Jay Ambrose: Who is really corrupt in impeachment proceedings?

By Jay Ambrose

Tribune News Service

House Speaker Nancy Pelosi says she has discovered President Donald Trump’s impeachable offense. It’s bribery. When he was trying to get Ukrainians to investigate former Vice President Joe Biden for corruption and meanwhile briefly held up $400 million in military aid, he was bribing Ukraine, she tells us. I guess she has never read our treaty with Ukraine.

It says corruption is a legitimate reason to withhold aid, and, if you think about it for a minute, it is easy to see why that clause exists. A corrupt country may well misuse the aid, maybe hurting its own citizens, maybe tricking the donor, maybe furthering the cause of corruption. Ukraine happens to have a deep, dark, devastating history of corruption that has yet to make a wholly convincing exit, and Trump had reason to be concerned about Biden.

His son Hunter Biden once signed on at a salary of $50,000 a month to sit on the board of directors of Burisma, a Ukrainian energy company once in so much legal trouble that its owner took a long hike around Europe to stay out of jail. The young Biden did not speak Ukrainian and had no background in energy matters, but appears to have been qualified by virtue of his last name.

Maybe, just maybe, his family ties could help keep the company out of trouble, you can imagine the owner thinking, and then evidence seemed to arise. Vice President Joe Biden showed up and told Ukrainian officials they weren’t going to get $1 billion in U.S. aid if they did not fire a prosecutor pledged to investigate Burisma. Ukraine did fire him, and everyone was innocent of wrongdoing we have been assured. For instance, Biden defenders say, the prosecutor himself was corrupt and would likely have left Burisma alone, and many others in the Obama administration were absolutely behind this firing, as were our European allies.

I would still like you to consider the following. A State Department witness at the first open impeachment hearing said he had early on expressed an obvious worry to the vice president’s national security staffers: Hunter Biden’s Burisma connection had the appearance of a conflict of interest. Joe Biden himself said he didn’t even talk to his son about what he was doing, negligence of a kind that is nothing short of startling. A firm representing Burisma did use Hunter Biden’s name in seeking a session at the State Department. And after the prosecutor’s removal, the Burisma owner was removed from a wanted list and saw all kinds of court cases dropped on such matters as tax evasion and embezzlement.

An investigation into all of this really might turn up corruption, even though it is true that Trump’s temporary withholding of aid was not backed by many in his administration. After all, they were proud that the military package actually contained lethal weaponry, unlike Obama’s weak-kneed example. Democrats have said Trump was just trying to wound a political opponent. Well, being a political opponent of someone does not mean you’re excused from suspicions, and letting a vice president get away with malfeasance would not be OK.

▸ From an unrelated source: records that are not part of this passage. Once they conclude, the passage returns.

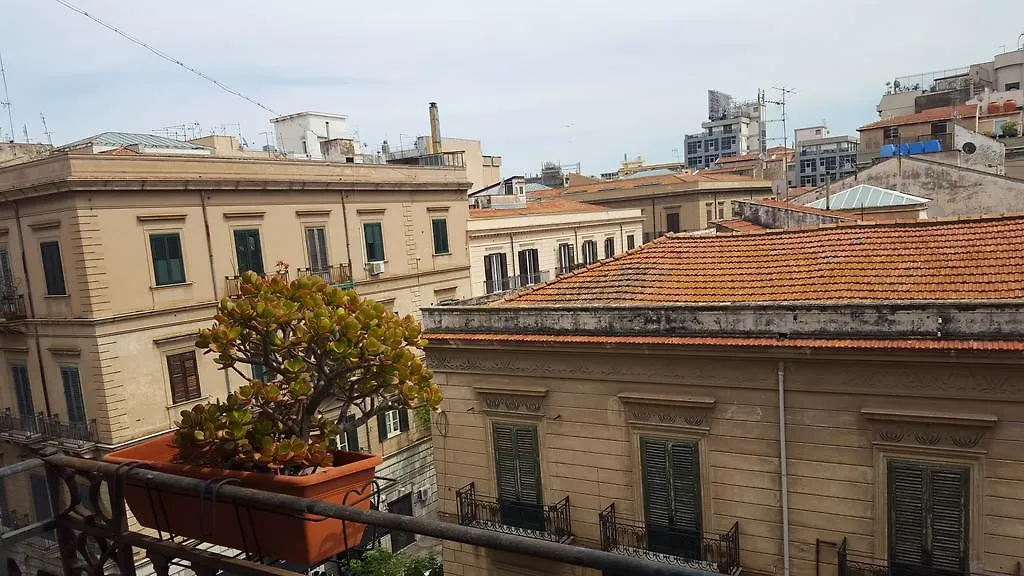 La Casa Di Beatrice Apartment Palermo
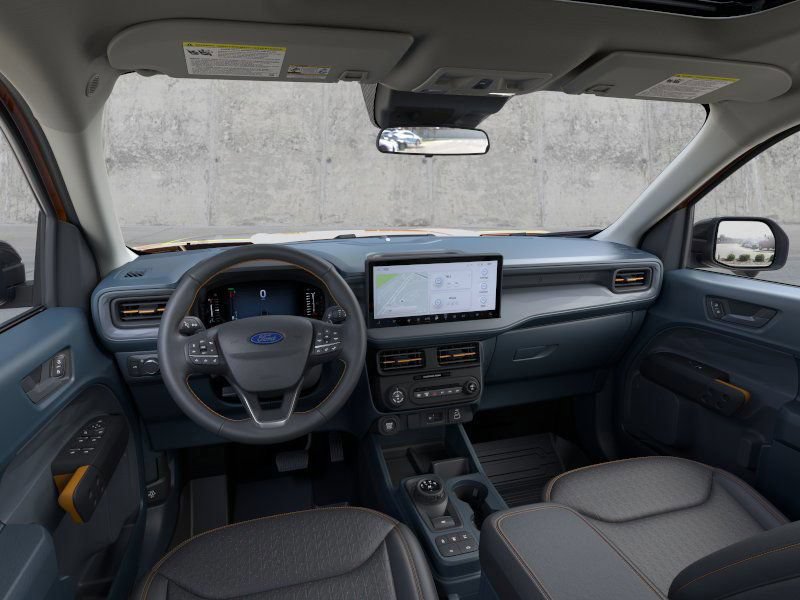 New 2026 Ford Maverick Tremor AWD/4WD image 9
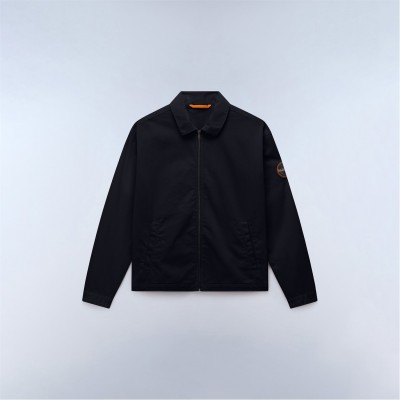 мъжки,якета,napapijri,napa,arrayanes,over,shirt,mens,black,beauty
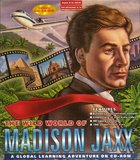 Wild World of Madison Jaxx, The (PC)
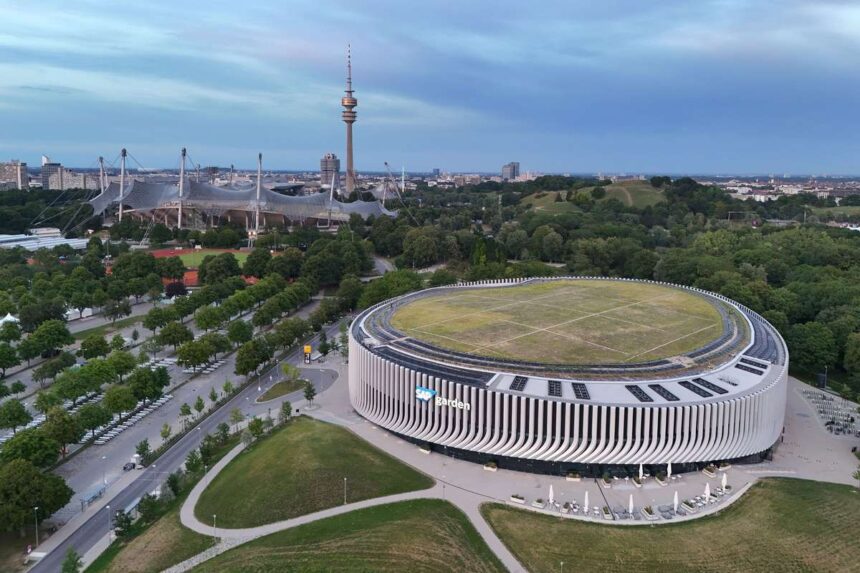 Patru meciuri din sezonul 2027 28 NHL se vor desfasura in Germania cu Munchen si Colonia gazduind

Look, I am not making some kind of final judgment on Biden. I agree that Trump is fault-laden. But I do think the real corruption here, the political corruption, is best expressed by Alexander Hamilton in an essay on impeachment in The Federalist Papers. He says the greatest danger in impeachment proceedings is arriving at a decision not through “real demonstrations of innocence or guilt,” but through the strength of a party. In the House, the Democratic strength has kept Republicans from interviewing Hunter Biden, probing fronts that would give Trump a chance and maybe showing the republic-threatening chicanery that now seems obvious to some of us.